WHAT IS REQUIRED
Reproduce precisely the lines of the material below from the line containing "Room In Guest" up to and including its last line. Pictures must not be copied.

DATA SEGMENT
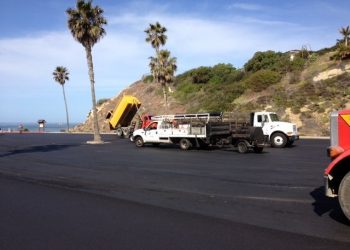 Airport expands, relocates cell-phone waiting lot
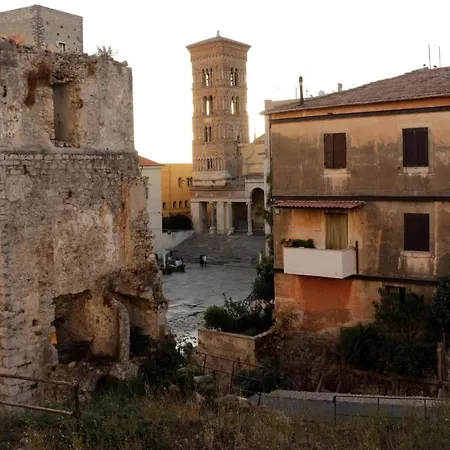 Sea Front Fantastic With One Car Private Open Parking Apartment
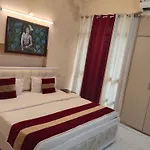 Room In Guest Room - Boutique Guest Room In Heart Of New Delhi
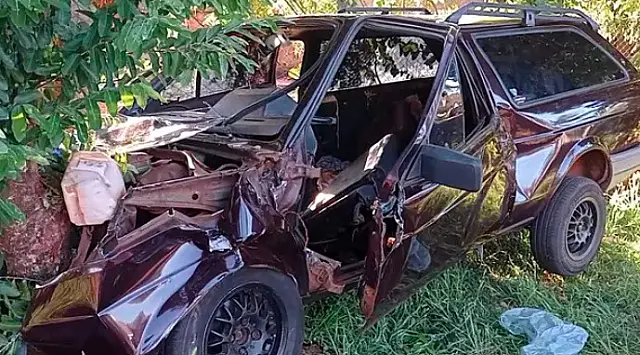 Duas pessoas ficam feridas após carro bater em árvore em Sidrolândia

RESPONSE BOX
 Room In Guest Room - Boutique Guest Room In Heart Of New Delhi
 Duas pessoas ficam feridas após carro bater em árvore em Sidrolândia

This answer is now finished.